INPUT FOR THIS TASK:
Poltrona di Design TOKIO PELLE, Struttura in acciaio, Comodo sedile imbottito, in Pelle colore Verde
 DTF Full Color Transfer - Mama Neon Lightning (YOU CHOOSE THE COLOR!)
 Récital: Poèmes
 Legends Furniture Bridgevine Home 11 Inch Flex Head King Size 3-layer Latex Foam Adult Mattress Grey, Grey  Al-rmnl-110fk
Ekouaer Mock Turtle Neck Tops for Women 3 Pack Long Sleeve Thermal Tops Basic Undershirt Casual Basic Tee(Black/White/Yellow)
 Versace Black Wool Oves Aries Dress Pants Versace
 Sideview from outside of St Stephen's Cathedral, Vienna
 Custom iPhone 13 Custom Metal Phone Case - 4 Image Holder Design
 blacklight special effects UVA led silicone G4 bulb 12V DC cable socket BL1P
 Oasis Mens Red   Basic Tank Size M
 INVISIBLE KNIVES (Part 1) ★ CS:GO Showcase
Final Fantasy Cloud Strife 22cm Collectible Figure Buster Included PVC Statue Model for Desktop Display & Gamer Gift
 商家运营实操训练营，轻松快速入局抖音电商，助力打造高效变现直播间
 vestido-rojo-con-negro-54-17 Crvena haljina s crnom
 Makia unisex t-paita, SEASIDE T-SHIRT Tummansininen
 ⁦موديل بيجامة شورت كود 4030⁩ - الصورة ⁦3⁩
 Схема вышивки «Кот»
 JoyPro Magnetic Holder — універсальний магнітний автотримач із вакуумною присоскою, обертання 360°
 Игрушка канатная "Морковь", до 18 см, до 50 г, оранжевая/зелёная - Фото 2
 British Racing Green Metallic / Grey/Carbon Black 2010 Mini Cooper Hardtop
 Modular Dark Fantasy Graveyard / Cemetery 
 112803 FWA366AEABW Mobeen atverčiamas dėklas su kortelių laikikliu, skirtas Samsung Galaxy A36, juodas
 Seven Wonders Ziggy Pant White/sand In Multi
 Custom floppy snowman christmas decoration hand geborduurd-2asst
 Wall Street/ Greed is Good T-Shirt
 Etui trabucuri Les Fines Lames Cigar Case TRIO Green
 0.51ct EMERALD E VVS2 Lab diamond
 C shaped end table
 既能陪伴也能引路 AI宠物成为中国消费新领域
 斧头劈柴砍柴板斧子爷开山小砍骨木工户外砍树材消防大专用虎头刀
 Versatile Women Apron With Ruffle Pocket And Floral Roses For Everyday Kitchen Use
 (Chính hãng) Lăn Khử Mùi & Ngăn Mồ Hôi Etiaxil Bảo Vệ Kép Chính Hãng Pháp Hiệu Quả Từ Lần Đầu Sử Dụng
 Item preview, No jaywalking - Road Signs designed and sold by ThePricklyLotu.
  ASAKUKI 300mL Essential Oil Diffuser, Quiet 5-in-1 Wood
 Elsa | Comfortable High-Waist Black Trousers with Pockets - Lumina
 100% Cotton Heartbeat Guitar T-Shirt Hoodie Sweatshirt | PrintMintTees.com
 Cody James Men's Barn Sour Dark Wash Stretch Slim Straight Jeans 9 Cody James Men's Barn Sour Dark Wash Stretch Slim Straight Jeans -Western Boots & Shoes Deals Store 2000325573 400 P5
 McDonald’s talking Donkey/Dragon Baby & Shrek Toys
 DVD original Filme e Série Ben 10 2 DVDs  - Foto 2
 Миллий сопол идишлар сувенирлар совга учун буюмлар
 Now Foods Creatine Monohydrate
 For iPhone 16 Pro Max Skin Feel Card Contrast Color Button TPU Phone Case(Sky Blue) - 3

WORK REQUIRED: Which lines run from the one containing "- الصورة ⁦3⁩" through the end of the material? Output exactly those lines and no others.

FINAL ANSWER:
 ⁦موديل بيجامة شورت كود 4030⁩ - الصورة ⁦3⁩
 Схема вышивки «Кот»
 JoyPro Magnetic Holder — універсальний магнітний автотримач із вакуумною присоскою, обертання 360°
 Игрушка канатная "Морковь", до 18 см, до 50 г, оранжевая/зелёная - Фото 2
 British Racing Green Metallic / Grey/Carbon Black 2010 Mini Cooper Hardtop
 Modular Dark Fantasy Graveyard / Cemetery 
 112803 FWA366AEABW Mobeen atverčiamas dėklas su kortelių laikikliu, skirtas Samsung Galaxy A36, juodas
 Seven Wonders Ziggy Pant White/sand In Multi
 Custom floppy snowman christmas decoration hand geborduurd-2asst
 Wall Street/ Greed is Good T-Shirt
 Etui trabucuri Les Fines Lames Cigar Case TRIO Green
 0.51ct EMERALD E VVS2 Lab diamond
 C shaped end table
 既能陪伴也能引路 AI宠物成为中国消费新领域
 斧头劈柴砍柴板斧子爷开山小砍骨木工户外砍树材消防大专用虎头刀
 Versatile Women Apron With Ruffle Pocket And Floral Roses For Everyday Kitchen Use
 (Chính hãng) Lăn Khử Mùi & Ngăn Mồ Hôi Etiaxil Bảo Vệ Kép Chính Hãng Pháp Hiệu Quả Từ Lần Đầu Sử Dụng
 Item preview, No jaywalking - Road Signs designed and sold by ThePricklyLotu.
  ASAKUKI 300mL Essential Oil Diffuser, Quiet 5-in-1 Wood
 Elsa | Comfortable High-Waist Black Trousers with Pockets - Lumina
 100% Cotton Heartbeat Guitar T-Shirt Hoodie Sweatshirt | PrintMintTees.com
 Cody James Men's Barn Sour Dark Wash Stretch Slim Straight Jeans 9 Cody James Men's Barn Sour Dark Wash Stretch Slim Straight Jeans -Western Boots & Shoes Deals Store 2000325573 400 P5
 McDonald’s talking Donkey/Dragon Baby & Shrek Toys
 DVD original Filme e Série Ben 10 2 DVDs  - Foto 2
 Миллий сопол идишлар сувенирлар совга учун буюмлар
 Now Foods Creatine Monohydrate
 For iPhone 16 Pro Max Skin Feel Card Contrast Color Button TPU Phone Case(Sky Blue) - 3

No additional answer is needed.